The earliest known settings of chorales for the organ (in tablature) date from the end of the 16th century.3 Michael Praetorius led the Choralbearbeitung to a first climax, before the North German school (Samuel Scheldt, Heinrich Scheidemann) opened new ways to this form, culminating in the art of Dieterich Buxtehude and J.S. Bach. The shorter compositions could be used at various places, either in the liturgy at church or in private devotion at home, whereas "longer chorale-settings [ . . . ] could serve at Communion or other moments of prayer or meditation"4 but also "as models for independent choralepreludes, or as exercises in different genres."5 With the exception of the last possibility (of rather intellectual nature),6 the use of these Choralbearbeitungen was primarily sacred.

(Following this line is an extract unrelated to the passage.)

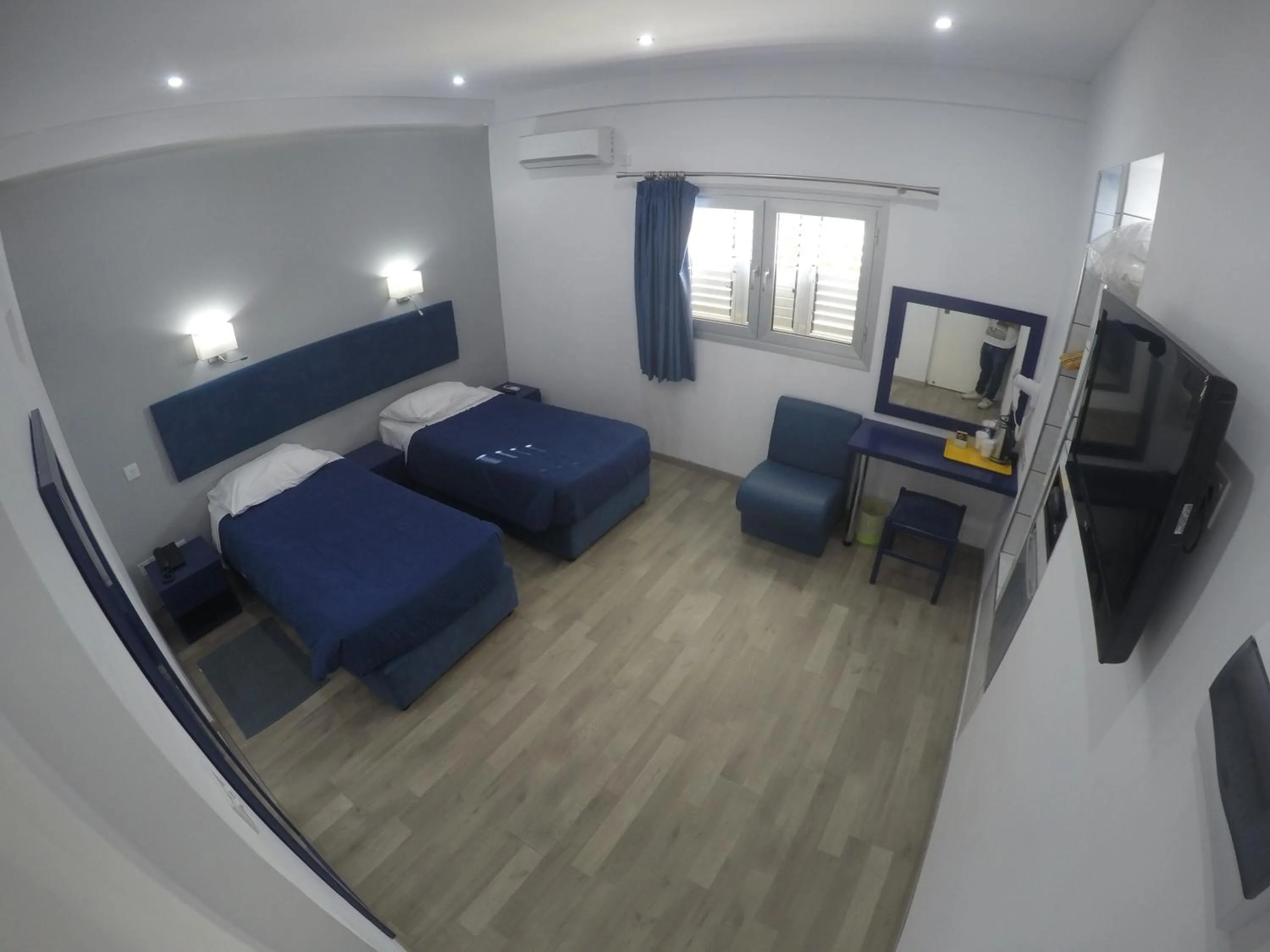 Photo of the whole room, Bed in Asty Hotel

In the 19th century, the chorale started to appear in compositions that were not intended for a liturgical (or even a sacred) usage, like the two chorales in Robert Schumann's Album für die fugend or Ein' feste Burg ist unser Gott in Felix Mendelssohn-Bartholdy's Reformation Symphony. Organ music, too, followed this development.
Three of Felix Mendelssohn-Bartholdy's (1809-47) Six Sonatas, Op. 65, for organ from 1844/457 are based on a chorale: "Sonata No. 1 begins with a church-style setting of Was mein Gott will with an introduction, interludes, and conclusion";8 in the B section, Sonata No. 3 (in ABA' form) uses Aus tiefer Not schrei ich zu dir as cantus in long values in the pedal, whereas the other voices develop a double fugue on the manuals; Sonata No. 6 opens with a homophonic setting of Vater unser im Himmelreich, followed by four variations, and the theme of the second movement, a fugue, is derived from the same chorale.9 Single movements of the sonatas could be played during the service (e.g., during Communion or as a postlude), but the length of an entire Sonata extended the limits of a typical sacred setting.
Another example is Franz Liszt's (1811-86) Variations on Bach's Weinen, Klagen, Sorgen, Zagen and Crucifixusfrom the Mass in B Minor, finished in 1863; the conclusion of the piece, after 31 variations, is the chorale Was Gott tut, das ist wohlgetan. The chorale is not the only element associated with the sacred in this composition, as the thematic material is derived from Bach's Cantata 12 and his Mass in B Minor. Measures 16-31 are even "a paraphrase and reduction of Cantata 12's first chorus."10 Still, it is important to notice that the work exists in two different versions, for organ and for piano;11 this, together with its duration (between 15 and 20 minutes depending on the interpretation), excludes a purely sacred purpose for this work.
Why did both Mendelssohn and Liszt insert chorales in their apparently secular compositions? I think there are three main reasons: first, personal circumstances; second, connection to the past, building of the German Kulturnation; third, the rise of Kunstreligion in 19thcentury Germany.